*Instructions to follow*
All of the entries below are to be copied word for word.

───── Listed records

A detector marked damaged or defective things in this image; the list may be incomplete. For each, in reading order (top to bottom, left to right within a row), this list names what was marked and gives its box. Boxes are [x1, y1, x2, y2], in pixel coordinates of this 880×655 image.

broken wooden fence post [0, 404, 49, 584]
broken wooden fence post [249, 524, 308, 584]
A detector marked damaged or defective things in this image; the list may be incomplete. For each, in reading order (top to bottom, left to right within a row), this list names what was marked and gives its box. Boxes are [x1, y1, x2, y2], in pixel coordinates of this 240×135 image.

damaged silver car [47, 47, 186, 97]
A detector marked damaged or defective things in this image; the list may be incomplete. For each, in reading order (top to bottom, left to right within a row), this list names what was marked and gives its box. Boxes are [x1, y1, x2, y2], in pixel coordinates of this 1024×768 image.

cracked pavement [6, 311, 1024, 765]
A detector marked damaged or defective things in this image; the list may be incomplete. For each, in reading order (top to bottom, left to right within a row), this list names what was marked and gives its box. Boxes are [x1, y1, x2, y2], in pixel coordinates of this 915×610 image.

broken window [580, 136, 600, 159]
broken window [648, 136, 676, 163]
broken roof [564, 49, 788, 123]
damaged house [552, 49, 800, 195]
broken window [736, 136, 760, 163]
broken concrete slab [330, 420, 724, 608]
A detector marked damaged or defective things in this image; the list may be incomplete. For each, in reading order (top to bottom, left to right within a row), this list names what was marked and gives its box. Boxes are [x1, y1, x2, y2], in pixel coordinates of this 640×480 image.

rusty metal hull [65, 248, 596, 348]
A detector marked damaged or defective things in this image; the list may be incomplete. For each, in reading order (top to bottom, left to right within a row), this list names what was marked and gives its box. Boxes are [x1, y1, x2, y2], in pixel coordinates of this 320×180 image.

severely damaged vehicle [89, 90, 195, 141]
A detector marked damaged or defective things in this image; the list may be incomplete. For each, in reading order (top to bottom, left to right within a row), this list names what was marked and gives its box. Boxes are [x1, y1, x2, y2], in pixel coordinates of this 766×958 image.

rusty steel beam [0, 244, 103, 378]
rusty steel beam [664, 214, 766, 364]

──────────

*The answer*
A detector marked damaged or defective things in this image; the list may be incomplete. For each, in reading order (top to bottom, left to right within a row), this list names what was marked and gives its box. Boxes are [x1, y1, x2, y2], in pixel coordinates of this 880×655 image.

broken wooden fence post [0, 404, 49, 584]
broken wooden fence post [249, 524, 308, 584]
A detector marked damaged or defective things in this image; the list may be incomplete. For each, in reading order (top to bottom, left to right within a row), this list names what was marked and gives its box. Boxes are [x1, y1, x2, y2], in pixel coordinates of this 240×135 image.

damaged silver car [47, 47, 186, 97]
A detector marked damaged or defective things in this image; the list may be incomplete. For each, in reading order (top to bottom, left to right within a row), this list names what was marked and gives its box. Boxes are [x1, y1, x2, y2], in pixel coordinates of this 1024×768 image.

cracked pavement [6, 311, 1024, 765]
A detector marked damaged or defective things in this image; the list may be incomplete. For each, in reading order (top to bottom, left to right within a row), this list names what was marked and gives its box. Boxes are [x1, y1, x2, y2], in pixel coordinates of this 915×610 image.

broken window [580, 136, 600, 159]
broken window [648, 136, 676, 163]
broken roof [564, 49, 788, 123]
damaged house [552, 49, 800, 195]
broken window [736, 136, 760, 163]
broken concrete slab [330, 420, 724, 608]
A detector marked damaged or defective things in this image; the list may be incomplete. For each, in reading order (top to bottom, left to right within a row), this list names what was marked and gives its box. Boxes are [x1, y1, x2, y2], in pixel coordinates of this 640×480 image.

rusty metal hull [65, 248, 596, 348]
A detector marked damaged or defective things in this image; the list may be incomplete. For each, in reading order (top to bottom, left to right within a row), this list names what was marked and gives its box. Boxes are [x1, y1, x2, y2], in pixel coordinates of this 320×180 image.

severely damaged vehicle [89, 90, 195, 141]
A detector marked damaged or defective things in this image; the list may be incomplete. For each, in reading order (top to bottom, left to right within a row), this list names what was marked and gives its box. Boxes are [x1, y1, x2, y2], in pixel coordinates of this 766×958 image.

rusty steel beam [0, 244, 103, 378]
rusty steel beam [664, 214, 766, 364]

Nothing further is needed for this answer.